> _Brief_:
Your task is to copy the data exactly while leaving out every picture.

- - -

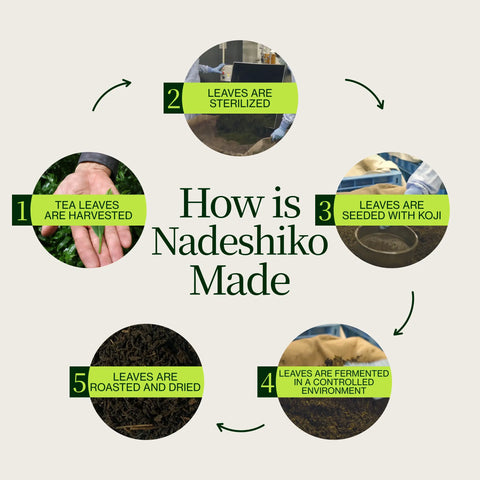 Nadeshiko Rose Japanischer fermentierter Tee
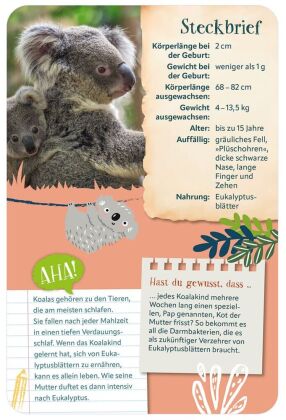 Die 100 süßesten Tierbabys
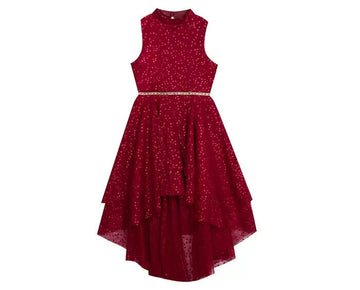 Rare Editions Big Girls Glitter Dot Mesh Tie Burgundy Red Size 16 MSRP $84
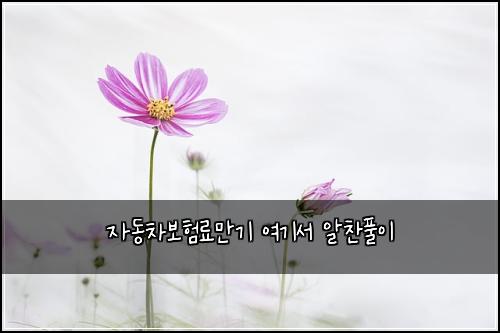 자동차보험료만기 여기서 알찬풀이
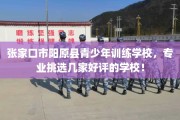 张家口市阳原县青少年训练学校，专业挑选几家好评的学校！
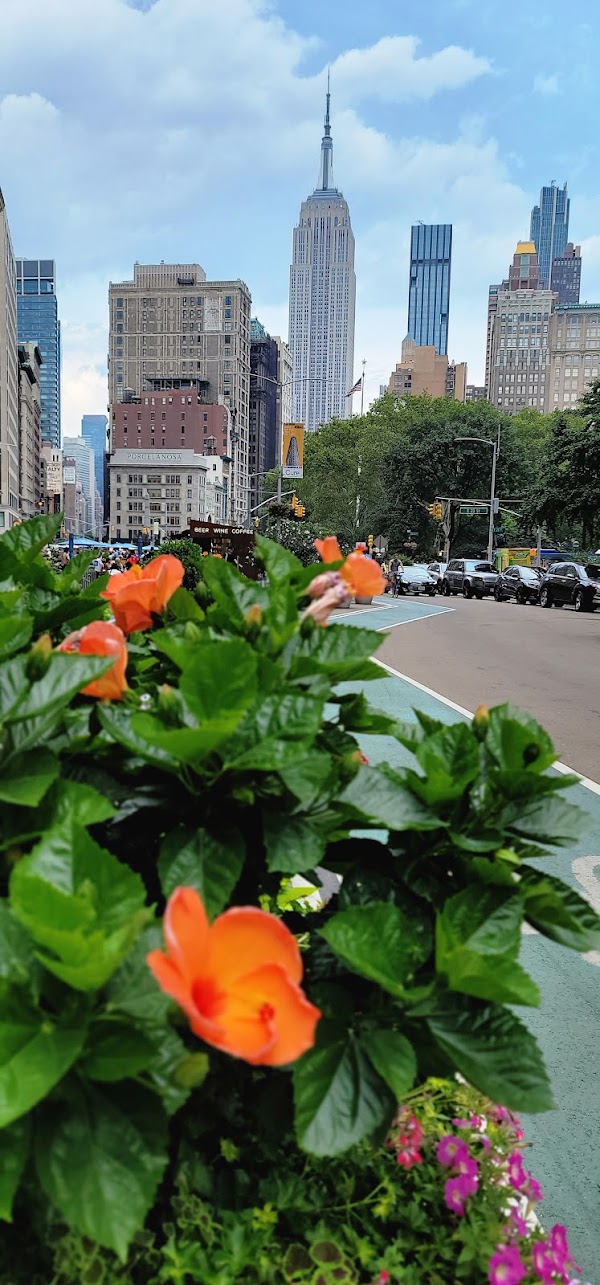 Flatiron District 3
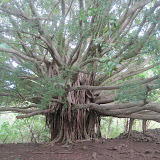 Trip to Hana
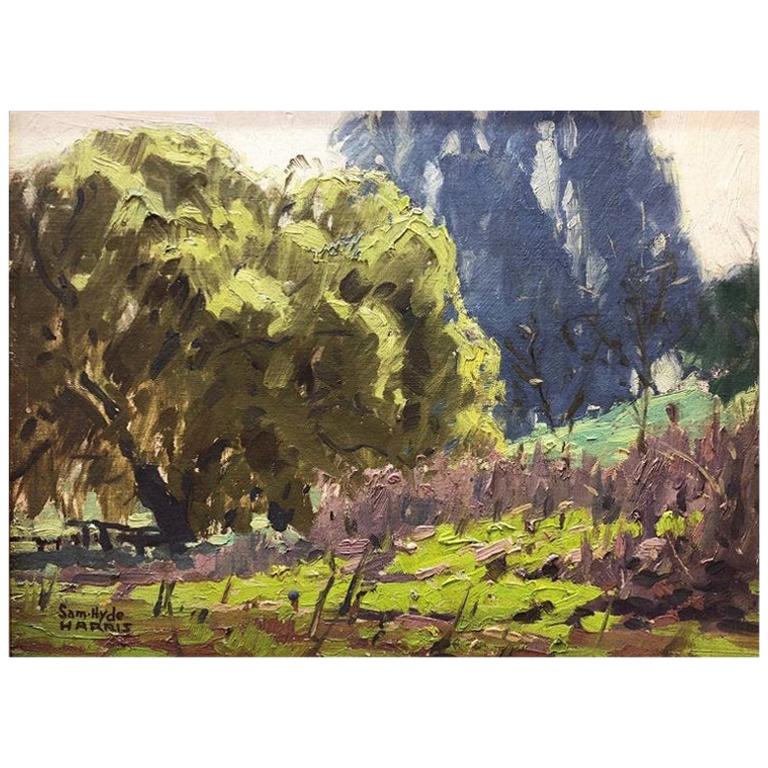 American Impressionistic Landscape by Sam Hyde Harris For Sale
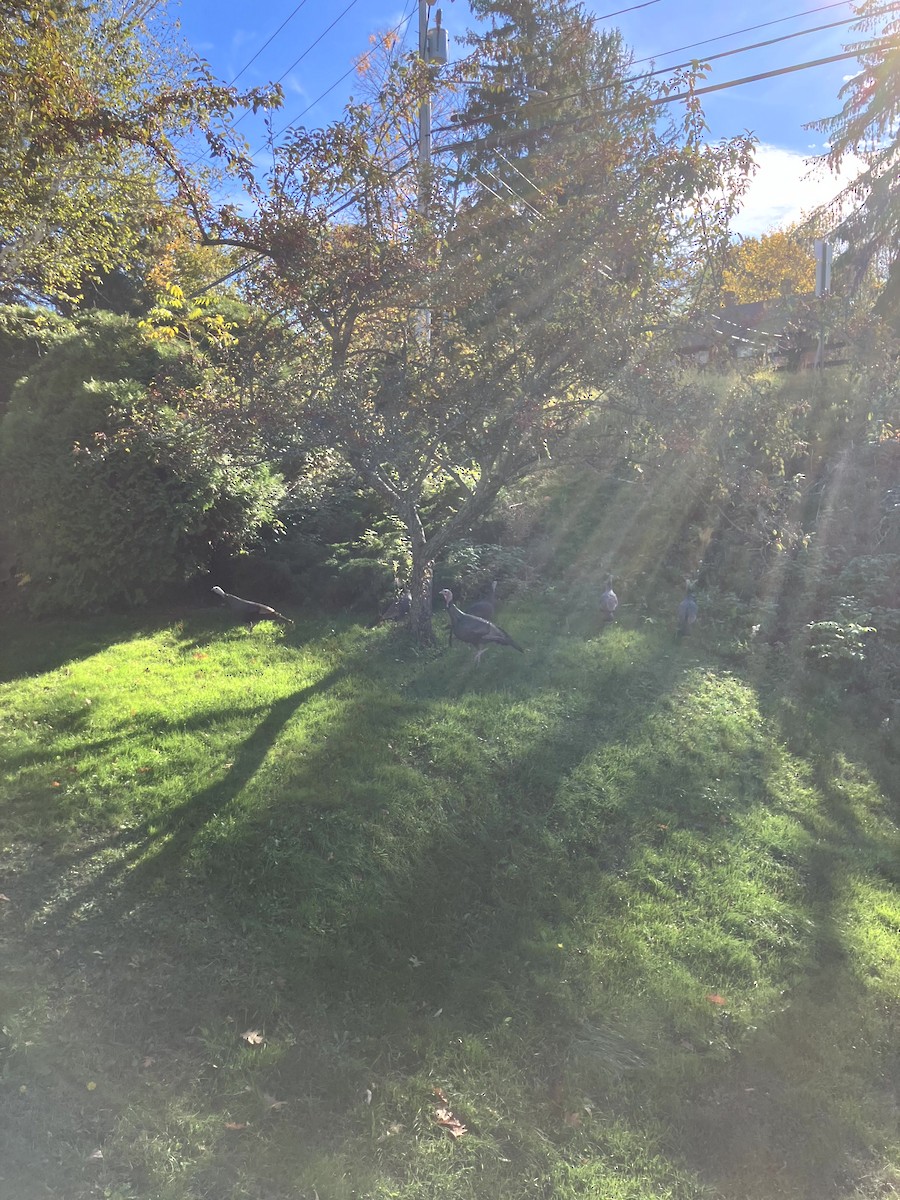 シチメンチョウ - ML645631447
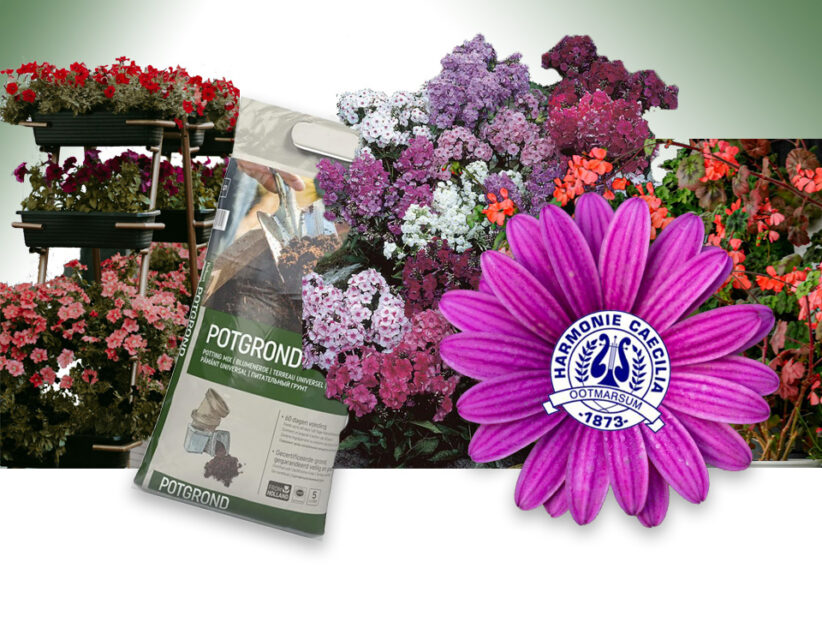 Bloemenactie Harmonie Caecilia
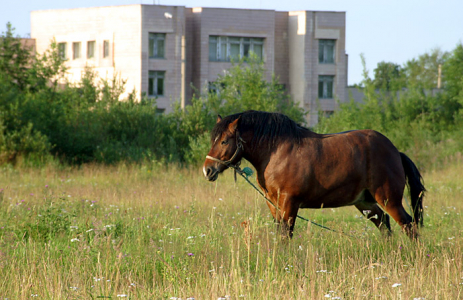 Гнедой на лужайке около университета.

- - -

> _Written solution_:
 Nadeshiko Rose Japanischer fermentierter Tee
 Die 100 süßesten Tierbabys
 Rare Editions Big Girls Glitter Dot Mesh Tie Burgundy Red Size 16 MSRP $84
 자동차보험료만기 여기서 알찬풀이
 张家口市阳原县青少年训练学校，专业挑选几家好评的学校！
 Flatiron District 3
 Trip to Hana
 American Impressionistic Landscape by Sam Hyde Harris For Sale
 シチメンチョウ - ML645631447
 Bloemenactie Harmonie Caecilia
 Гнедой на лужайке около университета.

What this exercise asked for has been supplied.